The data:
.....

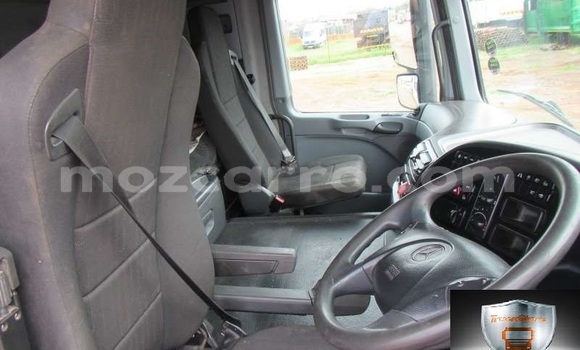 Comprar Usado Mercedes‒Benz Arocs Branco Caminhão em Beira em Sofala Comprar Usado Mercedes‒Benz Arocs Branco Caminhão em Beira em Sofala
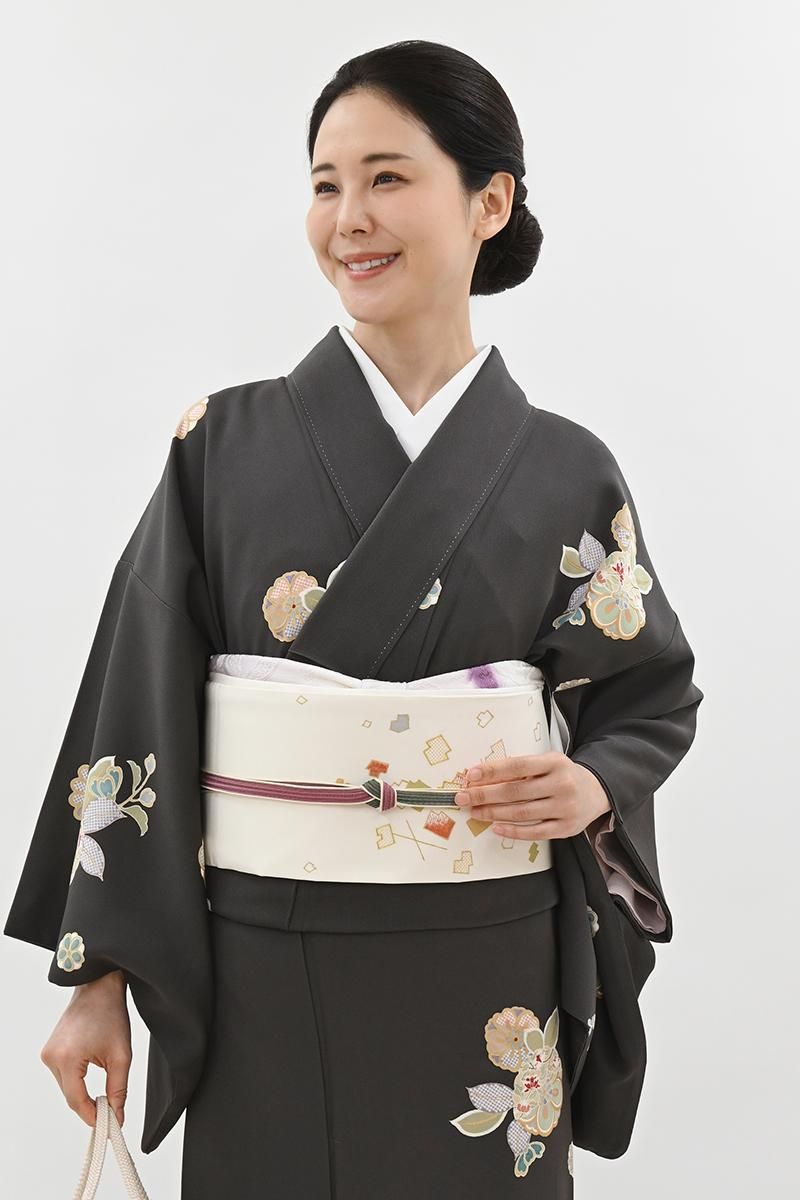 銀座【H-0858】塩瀬地 染名古屋帯 生成色 切箔散らし文 - 銀座きもの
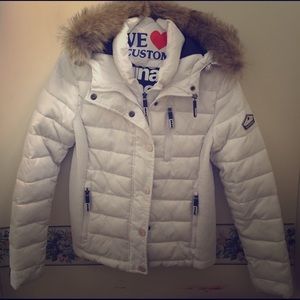 Superdry puff coat, like new.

.....

Instructions for the task: Omit the pictures, then set down all the remaining data exactly as given.

Reply:
 Comprar Usado Mercedes‒Benz Arocs Branco Caminhão em Beira em Sofala Comprar Usado Mercedes‒Benz Arocs Branco Caminhão em Beira em Sofala
 銀座【H-0858】塩瀬地 染名古屋帯 生成色 切箔散らし文 - 銀座きもの
 Superdry puff coat, like new.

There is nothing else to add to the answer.